Cuma, Kasım 15, 2024
Makaleler

Duânın Ehemmiyeti ve Kabûlü İçin Bazı Şartlar

Sözlüklerde, “İsteme, yalvarma; bir kimsenin kendisi veya başkası hakkında bir dileğine kavuşması için Allahü teâlâya yalvarması” gibi ma’nâlara gelen “Duâ”, dînimizin temel direklerinden biridir. Bizler duâ etmekle emrolunduk. Allahü teâlâ, duâ eden müslümanları sever. Allahü teâlâ, Kur’ân-ı kerîmde meâlen; “Bana (hâlis kalp ile) duâ ediniz! Böyle duâları kabûl ederim” (Mü’min sûresi, 60) buyuruyor.

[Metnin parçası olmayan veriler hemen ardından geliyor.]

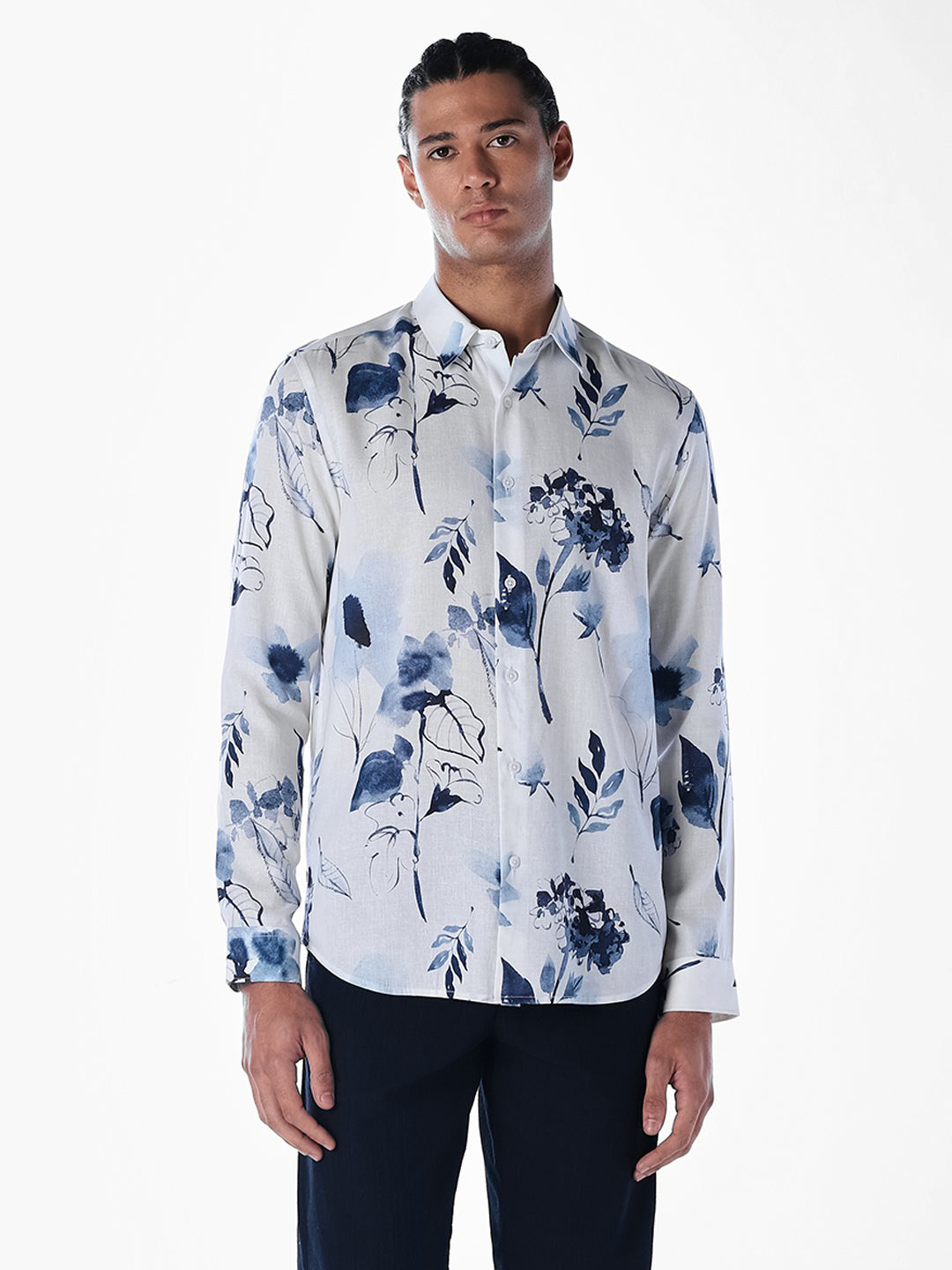 Linen Blend Printed Shirt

İbrâhim bin Edhem’e (kuddise sirruh) şöyle bir suâl sordular:

Allahü teâlâ “Ey kullarım! Benden isteyiniz! Kabul ederim, veririm” buyuruyor. Hâlbuki istiyoruz, vermiyor.

Cevâben buyurdu ki: Allahü teâlâya duâ edersiniz, O’na itâat etmezsiniz. Peygamberini (sallallahü aleyhi ve sellem) tanırsınız, O’na uymazsınız. Kur’ân-ı kerîmi okursunuz, gösterdiği yolda gitmezsiniz. Cenâb-ı Hakk’ın ni’metlerinden faydalanırsınız, O’na şükretmezsiniz. Cennet’in ibâdet edenler için olduğunu bilirsiniz, hâzırlıkta bulunmazsınız. Cehennem’i âsîler (günâh işleyenler) için yarattığını bilirsiniz, ondan sakınmazsınız. Babalarınızın, dedelerinizin ne olduklarını görür, ibret almazsınız. Kendi ayıplarınıza bakmayıp başkalarının ayıplarını araştırırsınız. Böyle kimseler, üzerlerine taş yağmadığına, yere batmadıklarına, gökten ateş yağmadığına şükretsinler. Daha ne isterler? Duâlarının netîcesi, yalnız bu olursa, yetmez mi?”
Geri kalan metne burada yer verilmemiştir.